The study, which initially enrolled 150 participants and gathered 12-week data from 124, did not have a third group who continued only therapy as usual. No adverse events, such as self-harming or hospitalizations, could be linked to the avatar treatment itself.
Grant and Myrick wonder how the study’s results translate to the patients’ ability to thrive and engage with the world around them.
“They’ve always been focused on symptoms,” Grant said. “Symptoms can be there, or they can not be there. It doesn’t matter if you’re not in the life you want.”
Craig said that his study was neither big nor lengthy enough to show more definitive changes in how people lived their lives.
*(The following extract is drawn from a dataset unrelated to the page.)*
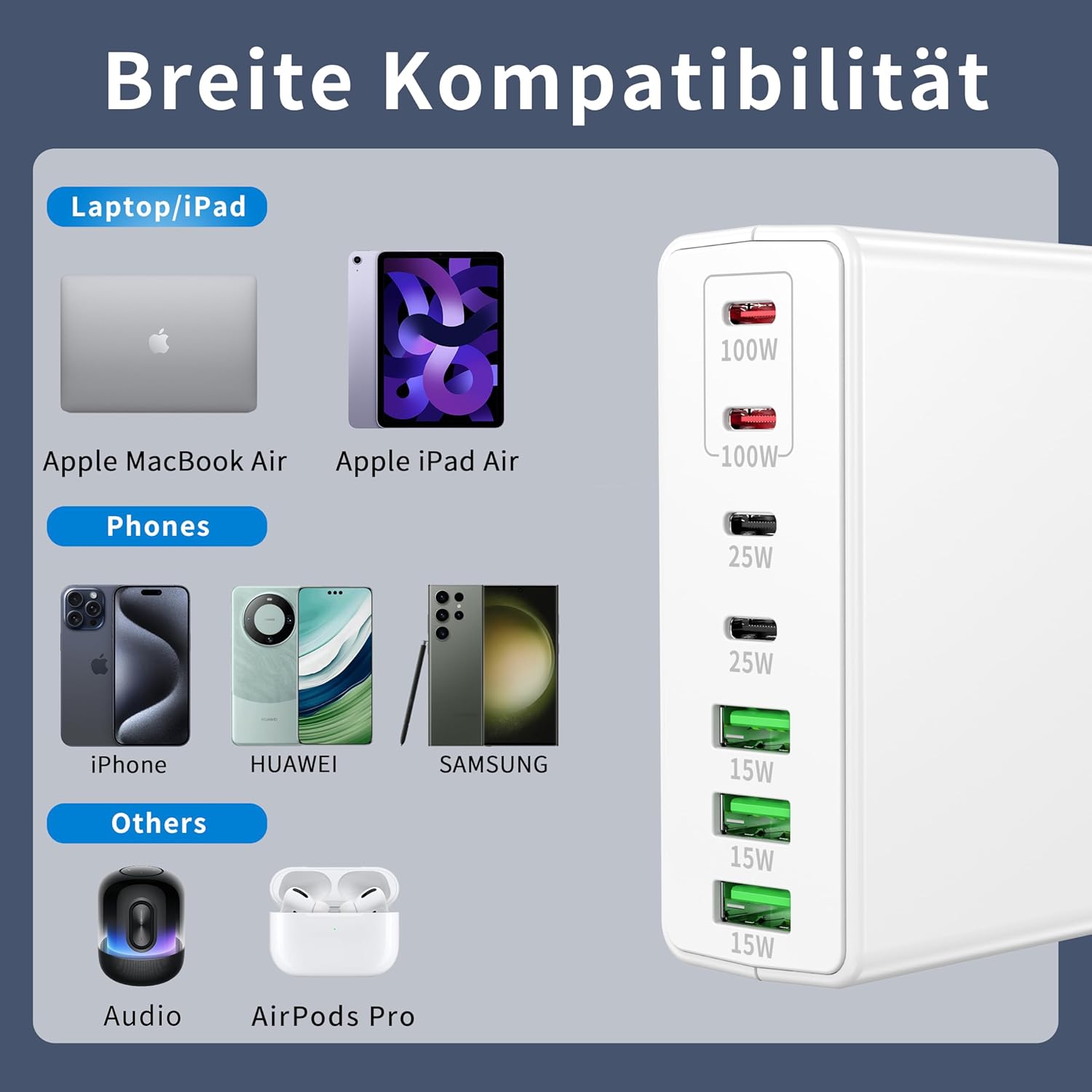 Thumbnail 1 de FINIBO 300W USB-C Mehrfach-Ladegerät mit 7 Ports (4× USB-C, 3× USB-A) und Dual-PD PPS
“Did anybody get a job? Did anybody go back to school? Did anybody get a boyfriend?” Myrick asked. “Hearing voices is one thing. Having a life is a whole different matter.”
Even for those who might benefit from avatar therapy, experts say, cost could be a barrier — both to patients who seek it and to therapists who must be trained and overseen.
“The UK has a universal kind of care, and we don’t in the US,” said Myrick, who nevertheless is encouraged that researchers are pushing forward with new mental health treatments.
Craig said it’s “not a cheap therapy at this stage” in that it’s being administered by a small cadre of highly trained professionals. On the other hand, the treatment comprises only six therapy sessions, and “there’s nothing in the therapy that I feel couldn’t be delivered by someone much earlier on in the course of their career,” he said.
When angels sing
Grant works with patients with severe forms of schizophrenia, but he said he focuses less on the voices they hear.
Whereas avatar therapy aims to suppress the voices in order to improve patients’ lives, Grant aims to change how they live their lives — and perhaps the voices will change as a result.
For some people, as they find a new job or build relationships, “the voice becomes less negative. And sometimes, it even becomes positive,” Grant said. “The voice is largely coming from beliefs that people have about themselves.”
Focusing on living life and staying occupied is partly how mental health advocate Myrick lives with her diagnoses, not by addressing the voices directly.
“I find that really focusing in on work and things that keep my mind super busy, engaged, challenged is far more beneficial for me,” she said.
The avatar treatment is not for everyone, as Craig said. For example, a number of people who have symptoms for the first time will no longer hear voices after conventional treatment, he said. The patients in his study had had symptoms for about 20 years on average.
Moreover, people must want to get rid of their voices — and many don’t, experts say. Sometimes, voices can be pleasant or helpful. Sometimes, a voice can be that of a loved one who died.
Myrick remembers one experience that changed the way she thought about the voices. Sitting in work one day, she began to hear angels singing. This was new, so she called her psychiatrist.
“It wasn’t distracting, but it definitely wasn’t in the kitchen,” she said.
Her psychiatrist asked why she was calling him. “Because I’m hearing angels,” she said.
“Are they bothering you?” he asked. Not at all. In fact, they were singing quite prettily, she told him.
If it wasn’t bothering Myrick, hearing voices wasn’t a problem on its own, he said.
Her psychiatrist recommended she hang up the phone and get back to work. Let the angels sing.